Same happened with me too.Got formula1 wax at rs.300/- from bigbazaar 3 months back but i think it was afake one because it didnt give that kind which i used to get before when i used the same product.
Guys please suggest other wax that works gud.
I received the wax, its 500ml - cost Rs. 465 (433+VAT). They delivered to my office address.
The best thing is its original and imported from UK.
Initially i was thinking its costly, as 3M cost was just Rs. 80. But that is just 100 ml, and turtle i got is 500ml, so cost wise its same. I will make an update here once i apply this sometime next month.
Below are the details of "Platinum Series Precision Car Wax".
Our finest wax for a performance finish
- Includes Brazilian Carnauba Wax and the finest Bavarian Montan Wax, to deliver a brilliant shine
- Special lubricating polymers ensure that the product glides on easily and buffs off without effort - Contains Polishing agents to remove light oxidation and stubborn road film
- Balanced formulation permits multiple coats without build up
So there is polishing agent. Now the question is, is it OK to use?
All waxes require elbow grease, patience, and time. Depending on how fast you work, how thorough you are, the size of your vehicle, and the product you choose, expect to spend at least an hour to do a decent job. Match the car wax to your car-care needs to see which type of product best suits your needs.
Consider the age of your car. If It’s one or two years old or still has a good finish, an easy spray wax might be all you need. But keep in mind that these products wear out the fastest. No wax will improve the shine on a newer car. But if you don’t plan to replace your car for a while, waxing will help preserve the finish over time.
If you have an older car, or one whose finish has already begun to oxidize or has embedded grime, you may want to consider a product that scored high for cleaning to help bring back and maintain the finish. Liquid waxes proved the best in cleaning.
Watch out for abrasion. Waxes can be abrasive, some more than others, and the tiny particles in car waxes or harsh chemicals can leave fine scratches or a haze on your car’s finish.
Dark-colored vehicles show scratches more easily than lighter-colored ones. If you own a black or dark-colored vehicle, be especially wary of products that scored low in our scratching and hazing tests.
The same abrasiveness can make clear-coated surfaces look hazy or cloudy when the finish is marred by fine scratches, giving the paint a duller look than before waxing. Most wax packaging indicates whether a product is safe for clear-coat finishes.
Consider how much plastic is on your car. Some waxes can leave a visible residue on nonglossy, porous plastic parts such as bumpers, plastic body panels, and door trim. Those parts are often black or gray, and some newer cars may have a lot of them. If that sounds like your car, choose a product that scored well in our compatibility-with-plastic tests. Once wax gets on those surfaces, it may be necessary to use a commercially available plastic cleaner to get rid of it.
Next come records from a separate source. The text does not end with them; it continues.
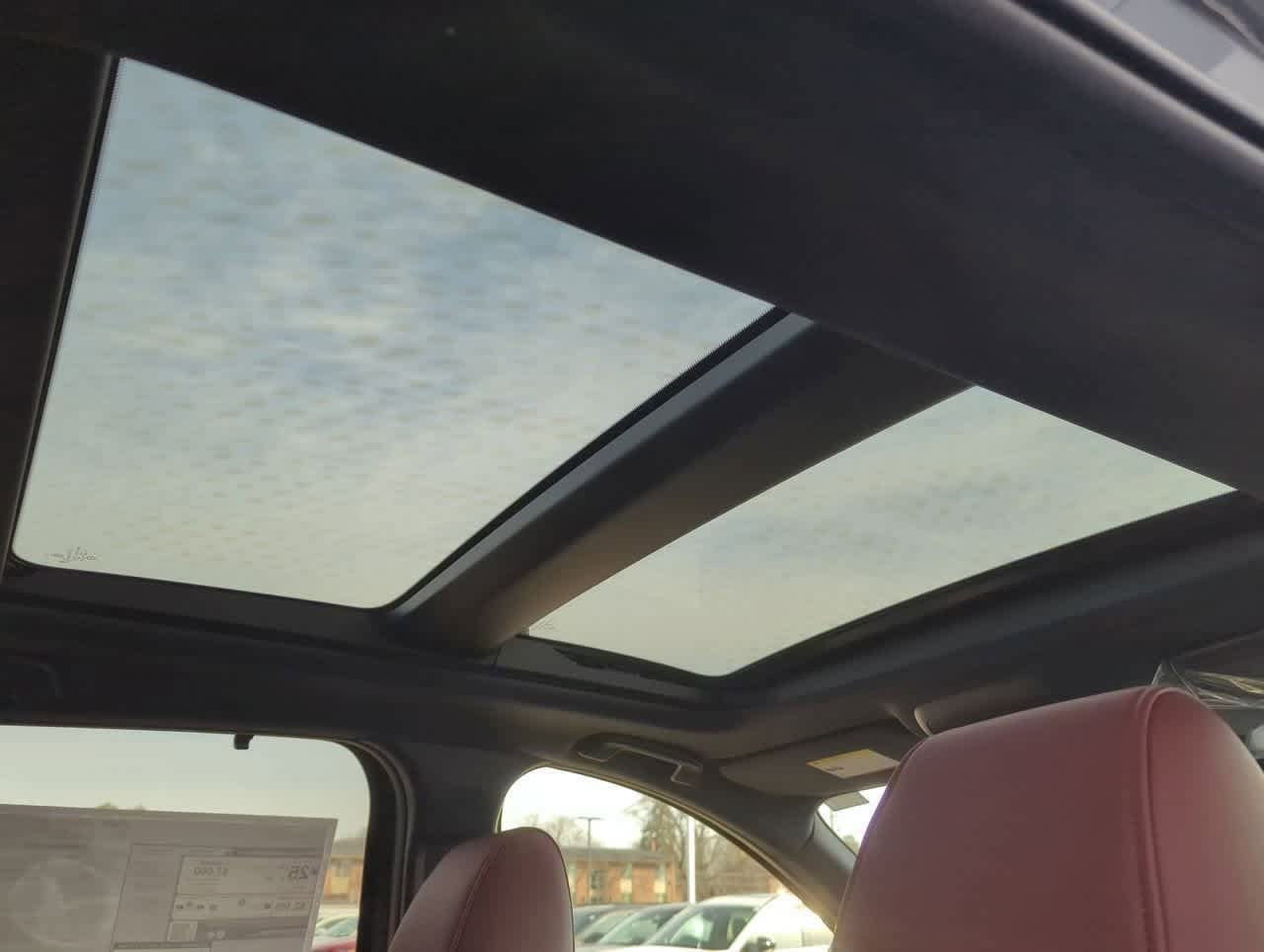 Thumbnail: 2025 Mazda CX-70 - 20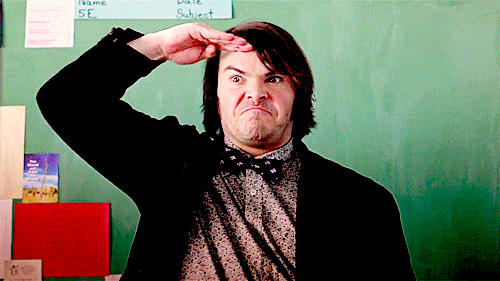 school of rock
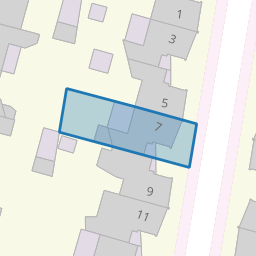 Perceel TBG01-AG-4792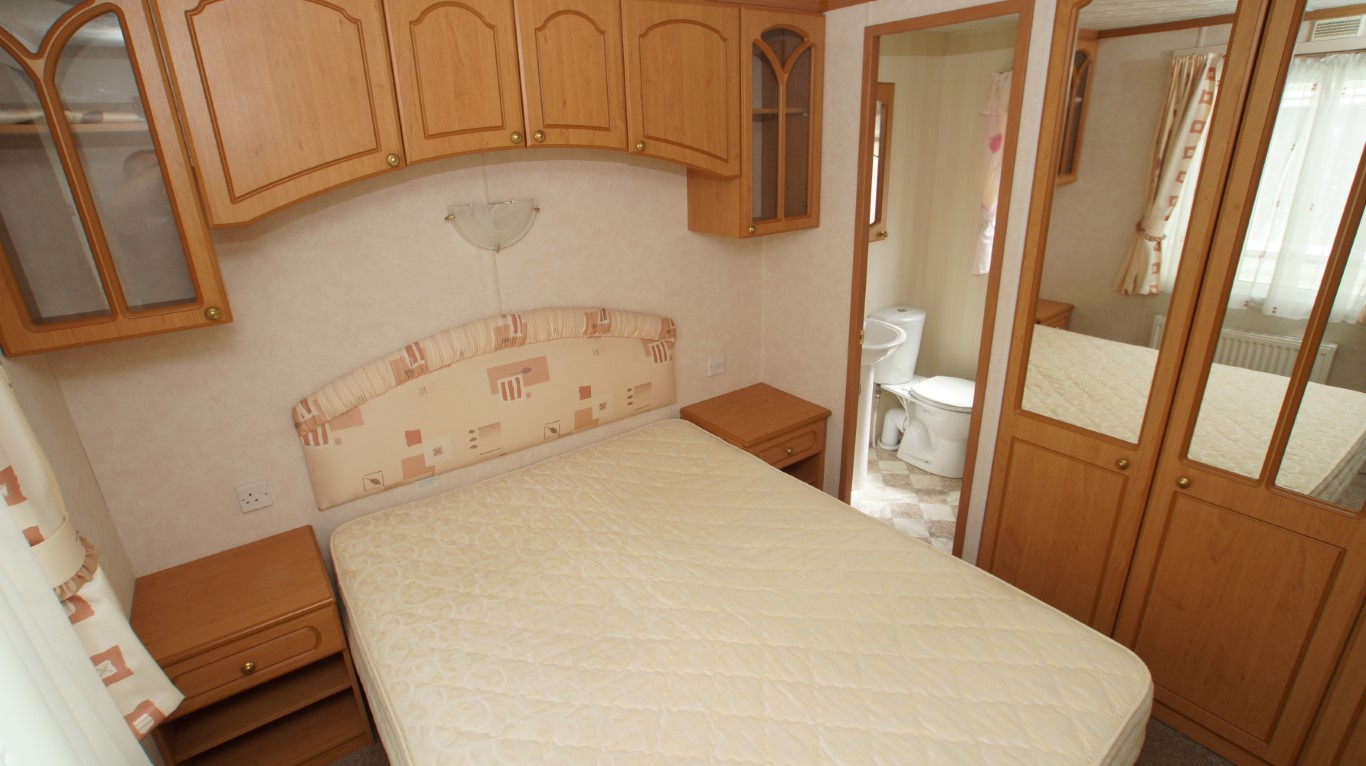 West Lancs Caravans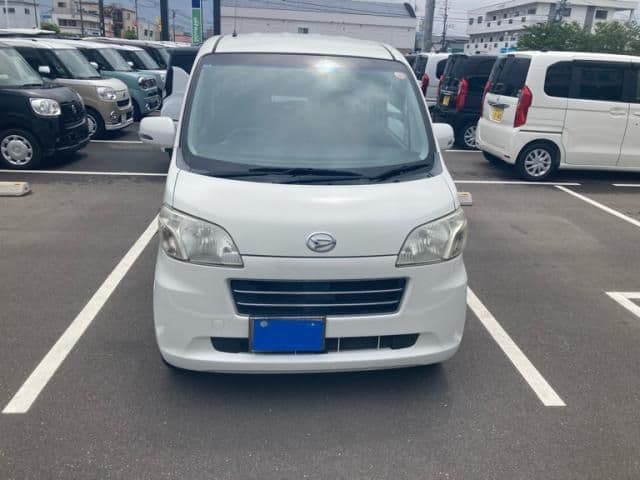 DAIHATSU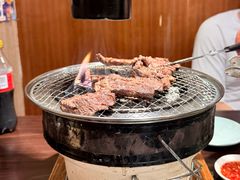 -蒜香焼肉PURUSHIN(马场路店)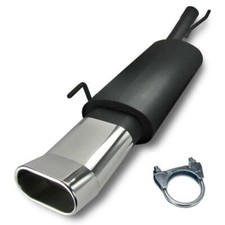 Premium sport auspuff - premium,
If saving time and effort is your priority and your car’s paint is in excellent condition, a spray-on, wipe-off product may be your best bet. Spray-on waxes can also be used for a quick touch-up between conventional waxings. These waxes don’t clean as well as or last as long as liquids or pastes, but that’s not an issue if you wax often. And the more often you wax, the more you’ll appreciate their ease of application.
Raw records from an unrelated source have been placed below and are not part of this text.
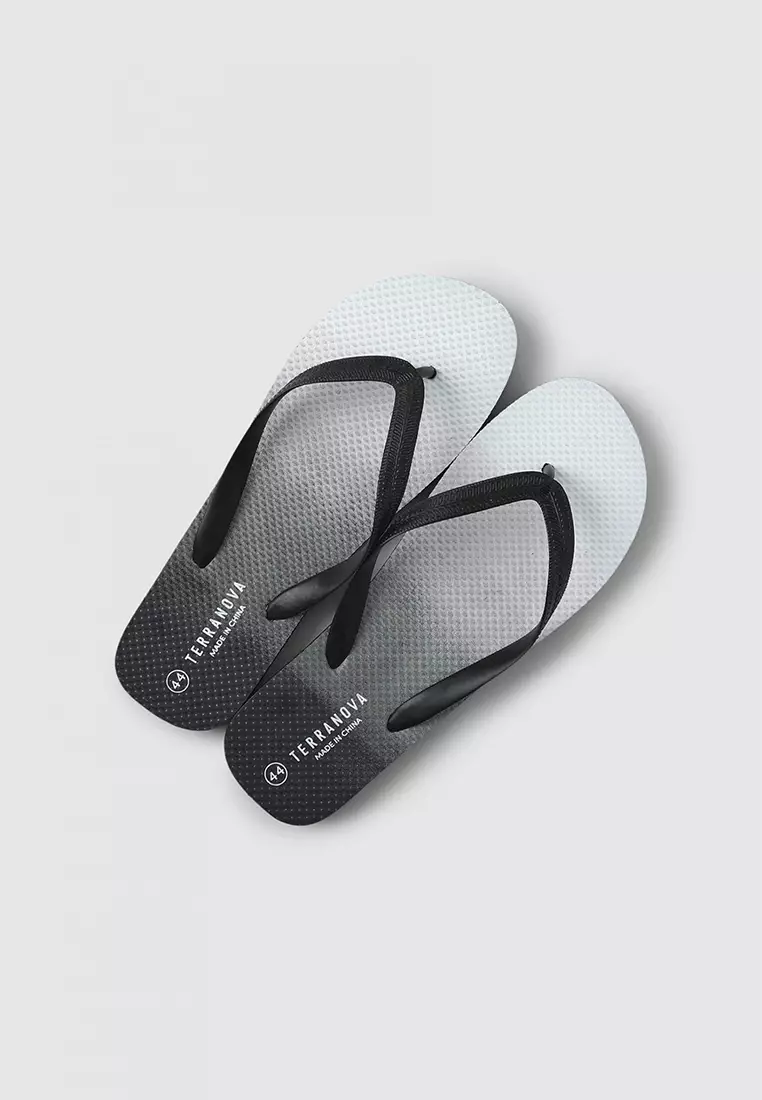 Man Footwear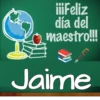 Feliz día del Maestro 3 Clásica 12
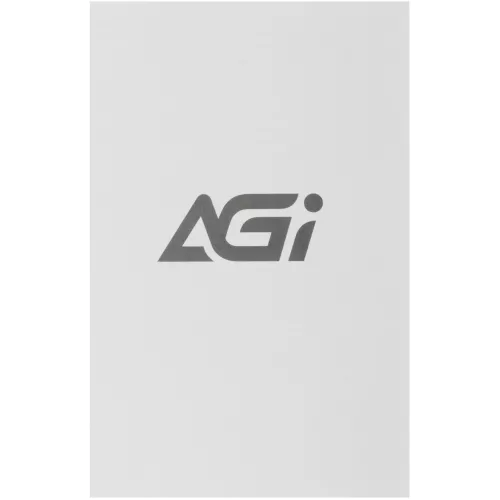 Накопитель SSD AGi PCIe 4.0 x4 2TB AGI2T0G44AI828 AI828 M.2 2280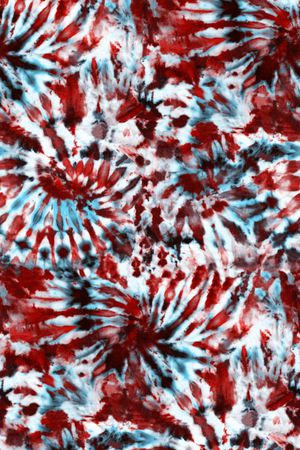 水彩印花华亿平台图片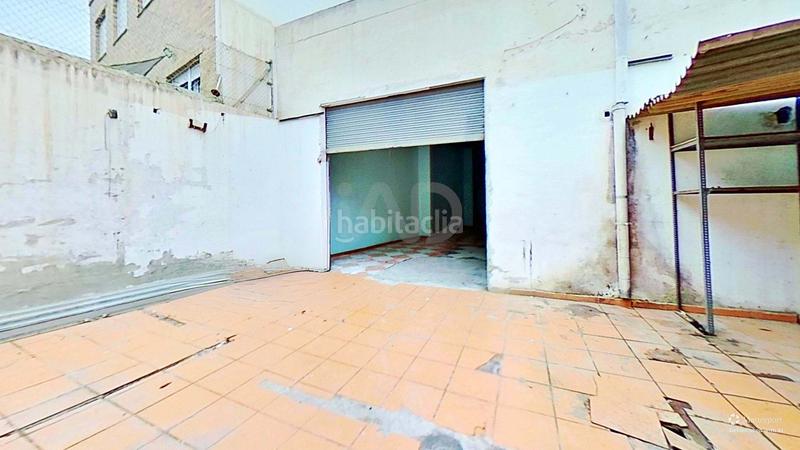 Foto fc437c0e-921e-4d33-a37c-97a07617433e. Miete geschäftsraum in calle rafael garcía vidal 15 15 in Alicante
With any wax you choose, it is recommended you first try using it on an inconspicuous area such as a doorjamb. And regardless of how hard you work, how much you spend, or what longevity claims manufacturers make, don’t expect any wax to last all that long. All of the products tested showed a significant loss of protection within about five weeks.
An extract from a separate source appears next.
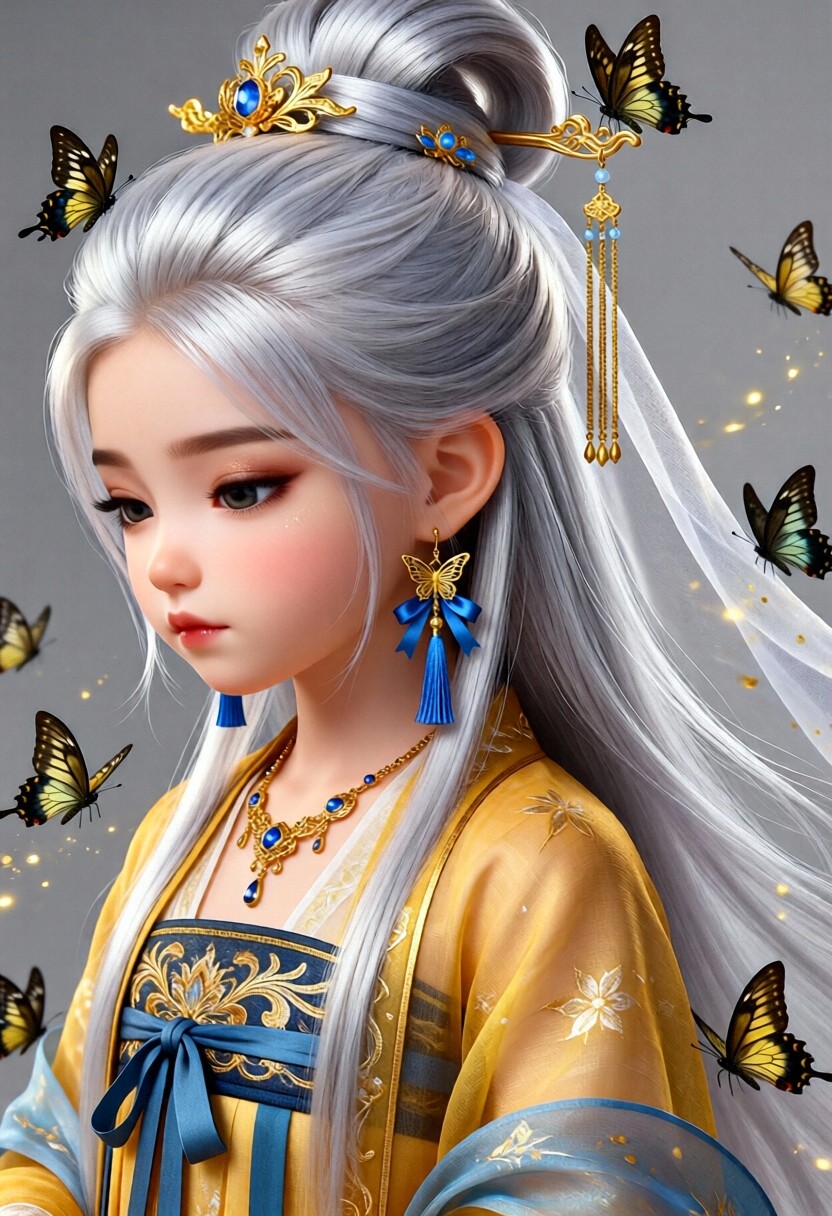 模型预览图5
There is a distinctive difference between these 3 products that all those interested in detailing should know.
A polish removes flaws that are below the paint surface. They are abrasive, and will eat into the paintwork in order to remove the imperfections.
Waxes are the traditional, natural, protection for cars. Most car waxes use carnauba as their main component. It is nature's hardest, purest and most transparent wax. Carnauba car waxes tend to produce a deeper, darker, richer shine that is often described as "three-dimensional."
Paint sealants are synthetic waxes that serve the same purpose of protecting the car paintwork. They are made of polymer or acrylic resins and are known to offer excellent durability and ease of application. However, many feel that paint sealants lack the depth and richness of colour that natural waxes provide. Car owners with little detailing experience should not use paint sealants as they are difficult to buff off.